If we have a new story on the Manafort trials, it’s not enough just to have that piece out of the blue. You want it placed in a context of our recent reporting. Each of these stories are progressions in time. So the progression is as important as the new developments. Indeed, the new developments have meaning only in the context of that progression through time.

Next month, if all goes according to plan, we’ll be introducing a new front page to the site which will allow us to visualize these connections more clearly, give you a clearer path into the stories from the front page of the site, which is still (unlike the great majority of other sites) how most readers consume what we produce.

If you look at the front page now – apart from the Editors’ Blog and Livewire – it’s a collection of story boxes, each with a photograph and a headline. Our team puts a lot of time into juggling those different slots throughout the day to capture what we see as newsworthy, popular, a good mix of the different stories we’re focused on. But it’s still a very limited palette the team has to work with.

To give you some nuts and bolts particulars, there’s actually no way to have a link which is only text, even though in many cases the photograph doesn’t add a great deal of information or meaning. There’s also little way to signal what is particularly important or new versus slightly older stories. For instance, sometimes people ask why things slide off the front page so quickly? They’ll even ask why a particular piece was ‘pulled off the site’, as though we unpublished it. They key is that there simply is not much room relative to all the stuff we publish through the day. And we don’t have a terribly good way of keeping things visible and accessible for a period of time after they’re published. Too often the front page is simply a cacophony of different story boxes with not enough guidance about what’s super important versus ephemeral or guidance into stories big or small.

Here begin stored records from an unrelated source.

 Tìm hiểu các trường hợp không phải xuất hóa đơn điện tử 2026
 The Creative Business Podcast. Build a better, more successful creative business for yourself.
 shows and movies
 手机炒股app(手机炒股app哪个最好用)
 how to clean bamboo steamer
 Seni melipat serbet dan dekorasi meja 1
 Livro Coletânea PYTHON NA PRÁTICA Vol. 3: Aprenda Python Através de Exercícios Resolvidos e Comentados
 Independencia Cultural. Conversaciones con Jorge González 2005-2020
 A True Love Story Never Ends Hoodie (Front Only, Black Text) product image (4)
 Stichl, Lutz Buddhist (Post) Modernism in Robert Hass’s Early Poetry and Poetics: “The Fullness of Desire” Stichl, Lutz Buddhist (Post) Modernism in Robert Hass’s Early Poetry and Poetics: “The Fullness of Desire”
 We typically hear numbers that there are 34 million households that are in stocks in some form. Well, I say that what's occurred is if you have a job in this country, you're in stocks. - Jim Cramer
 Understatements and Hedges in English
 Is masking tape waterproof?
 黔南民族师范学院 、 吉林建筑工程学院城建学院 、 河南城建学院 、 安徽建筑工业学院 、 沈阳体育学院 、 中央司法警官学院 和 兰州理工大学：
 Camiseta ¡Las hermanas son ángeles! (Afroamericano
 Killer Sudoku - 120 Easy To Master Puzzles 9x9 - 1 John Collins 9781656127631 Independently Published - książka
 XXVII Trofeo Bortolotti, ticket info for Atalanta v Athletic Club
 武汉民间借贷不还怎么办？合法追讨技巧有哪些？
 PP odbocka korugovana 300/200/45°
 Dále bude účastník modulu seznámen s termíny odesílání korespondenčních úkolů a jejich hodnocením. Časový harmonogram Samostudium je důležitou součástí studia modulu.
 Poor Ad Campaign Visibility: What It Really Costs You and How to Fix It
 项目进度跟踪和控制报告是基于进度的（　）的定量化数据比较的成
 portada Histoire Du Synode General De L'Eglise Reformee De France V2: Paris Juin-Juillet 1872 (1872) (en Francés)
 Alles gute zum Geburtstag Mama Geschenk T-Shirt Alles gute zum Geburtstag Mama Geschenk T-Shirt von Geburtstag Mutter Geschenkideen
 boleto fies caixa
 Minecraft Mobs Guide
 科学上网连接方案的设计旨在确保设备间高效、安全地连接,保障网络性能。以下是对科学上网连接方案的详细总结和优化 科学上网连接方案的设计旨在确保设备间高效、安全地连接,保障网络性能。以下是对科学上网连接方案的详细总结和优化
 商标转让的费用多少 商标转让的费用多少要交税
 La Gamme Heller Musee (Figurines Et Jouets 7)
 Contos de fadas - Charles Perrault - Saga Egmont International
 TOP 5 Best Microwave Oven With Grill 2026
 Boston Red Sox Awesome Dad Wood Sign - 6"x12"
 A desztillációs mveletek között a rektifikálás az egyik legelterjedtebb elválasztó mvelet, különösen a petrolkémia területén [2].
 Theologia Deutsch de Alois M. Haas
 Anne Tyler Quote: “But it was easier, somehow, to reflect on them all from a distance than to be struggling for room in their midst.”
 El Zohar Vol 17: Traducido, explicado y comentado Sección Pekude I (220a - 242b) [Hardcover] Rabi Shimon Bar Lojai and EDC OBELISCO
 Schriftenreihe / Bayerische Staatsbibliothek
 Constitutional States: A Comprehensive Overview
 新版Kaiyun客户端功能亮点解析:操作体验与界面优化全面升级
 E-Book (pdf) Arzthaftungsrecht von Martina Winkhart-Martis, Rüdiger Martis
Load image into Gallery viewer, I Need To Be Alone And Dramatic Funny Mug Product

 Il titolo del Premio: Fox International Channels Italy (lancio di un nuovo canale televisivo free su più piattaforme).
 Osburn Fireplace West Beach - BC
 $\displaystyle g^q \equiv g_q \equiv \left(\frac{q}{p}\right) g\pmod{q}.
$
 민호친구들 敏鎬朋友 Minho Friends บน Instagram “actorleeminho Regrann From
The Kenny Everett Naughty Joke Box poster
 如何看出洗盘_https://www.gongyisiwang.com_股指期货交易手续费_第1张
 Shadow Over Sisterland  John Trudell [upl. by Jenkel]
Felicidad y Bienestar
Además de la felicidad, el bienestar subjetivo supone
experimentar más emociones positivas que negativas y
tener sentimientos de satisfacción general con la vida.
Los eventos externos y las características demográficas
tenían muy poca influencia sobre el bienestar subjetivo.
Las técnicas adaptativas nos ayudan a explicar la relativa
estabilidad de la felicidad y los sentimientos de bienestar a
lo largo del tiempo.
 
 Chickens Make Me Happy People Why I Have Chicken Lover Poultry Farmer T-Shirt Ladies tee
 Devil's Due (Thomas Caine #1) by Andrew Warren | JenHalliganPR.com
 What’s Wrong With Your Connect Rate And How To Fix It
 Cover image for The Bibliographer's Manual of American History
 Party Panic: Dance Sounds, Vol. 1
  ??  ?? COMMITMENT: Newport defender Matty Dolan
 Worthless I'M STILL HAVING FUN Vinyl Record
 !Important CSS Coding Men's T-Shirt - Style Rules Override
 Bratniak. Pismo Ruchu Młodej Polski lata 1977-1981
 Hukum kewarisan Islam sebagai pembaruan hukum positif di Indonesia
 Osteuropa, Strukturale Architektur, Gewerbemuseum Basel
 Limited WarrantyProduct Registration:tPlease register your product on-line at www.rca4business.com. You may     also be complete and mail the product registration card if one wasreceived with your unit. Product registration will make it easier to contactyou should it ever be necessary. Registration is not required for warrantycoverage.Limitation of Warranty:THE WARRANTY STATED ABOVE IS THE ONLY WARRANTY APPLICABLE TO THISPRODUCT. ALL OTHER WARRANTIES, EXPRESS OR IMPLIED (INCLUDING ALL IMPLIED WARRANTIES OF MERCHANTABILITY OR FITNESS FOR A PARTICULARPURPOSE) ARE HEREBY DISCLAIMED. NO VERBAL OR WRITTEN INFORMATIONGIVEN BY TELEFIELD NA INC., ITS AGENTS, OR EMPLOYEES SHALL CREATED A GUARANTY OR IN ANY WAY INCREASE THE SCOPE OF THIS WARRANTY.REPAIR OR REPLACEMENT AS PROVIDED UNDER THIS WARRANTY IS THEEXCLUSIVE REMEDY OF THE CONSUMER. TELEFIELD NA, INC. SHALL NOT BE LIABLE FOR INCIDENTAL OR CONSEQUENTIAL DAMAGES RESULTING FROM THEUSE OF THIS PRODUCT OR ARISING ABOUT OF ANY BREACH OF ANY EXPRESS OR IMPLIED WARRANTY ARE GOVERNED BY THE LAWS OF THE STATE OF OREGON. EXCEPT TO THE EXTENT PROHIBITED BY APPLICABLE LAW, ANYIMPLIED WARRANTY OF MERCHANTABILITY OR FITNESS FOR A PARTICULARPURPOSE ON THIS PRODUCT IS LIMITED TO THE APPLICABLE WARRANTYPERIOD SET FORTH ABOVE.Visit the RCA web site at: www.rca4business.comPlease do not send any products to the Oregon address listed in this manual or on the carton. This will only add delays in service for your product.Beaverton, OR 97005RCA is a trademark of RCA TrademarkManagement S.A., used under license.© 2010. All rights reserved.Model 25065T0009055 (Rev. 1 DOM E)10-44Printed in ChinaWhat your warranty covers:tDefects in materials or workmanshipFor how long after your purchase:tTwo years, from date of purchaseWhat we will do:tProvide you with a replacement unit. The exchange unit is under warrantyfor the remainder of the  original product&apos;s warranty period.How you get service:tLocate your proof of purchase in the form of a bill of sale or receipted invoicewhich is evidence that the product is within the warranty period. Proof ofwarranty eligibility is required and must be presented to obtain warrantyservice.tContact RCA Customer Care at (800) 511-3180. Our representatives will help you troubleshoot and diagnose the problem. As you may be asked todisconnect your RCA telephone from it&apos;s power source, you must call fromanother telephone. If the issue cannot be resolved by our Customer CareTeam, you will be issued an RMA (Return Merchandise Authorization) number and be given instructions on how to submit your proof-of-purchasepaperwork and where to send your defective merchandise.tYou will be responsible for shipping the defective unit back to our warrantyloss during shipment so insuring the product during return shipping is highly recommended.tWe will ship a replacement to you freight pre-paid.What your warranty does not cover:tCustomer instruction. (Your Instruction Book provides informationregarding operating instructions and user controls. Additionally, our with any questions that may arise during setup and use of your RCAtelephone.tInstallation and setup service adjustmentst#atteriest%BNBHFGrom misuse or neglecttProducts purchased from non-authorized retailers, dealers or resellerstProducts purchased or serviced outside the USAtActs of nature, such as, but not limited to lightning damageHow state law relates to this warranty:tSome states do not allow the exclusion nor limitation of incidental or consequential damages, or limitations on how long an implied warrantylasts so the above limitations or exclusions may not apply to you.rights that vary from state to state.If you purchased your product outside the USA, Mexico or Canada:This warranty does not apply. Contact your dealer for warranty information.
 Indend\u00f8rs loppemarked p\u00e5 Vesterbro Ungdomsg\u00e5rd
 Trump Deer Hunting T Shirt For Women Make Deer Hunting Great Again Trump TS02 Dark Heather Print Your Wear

As a reader, here is what I would and do want: if there’s a new story from Alice Ollstein on one of the various family separation immigration court cases, it would be helpful to have the recent stories there too and perhaps a quick explanation of how they fit together. If there’s a big story that explains the details or core issues of that court case, a link to that would also be handy. Say there’s a big new development on the Russia front, or some new thing about yet some new contact between Russian intelligence officers and a GOP bigwig. That’s great. But I’d like to be able to look in one place to see not just that one story but a broader read of where whole Russia story is today; or a link to the latest Weekly Primer on Trump/Russia or a selection recent stories to place the new development in the story progression.

On this front we have been admittedly a bit behind. But it’s particularly important for us because following stories through iterative coverage is the heart of what we do.

We won’t necessarily have all of this on day one. What our small but resourceful tech and design time has now spent many months working on is a new publishing system for the front page of the site which will give our team the tools to do this. So there will be a lot of experimentation in just how we use these tools, what seems to work and what doesn’t. But it will make it possible to do things we’ve wanted to do for a very long time but have not been able to do within the publishing tools we have available.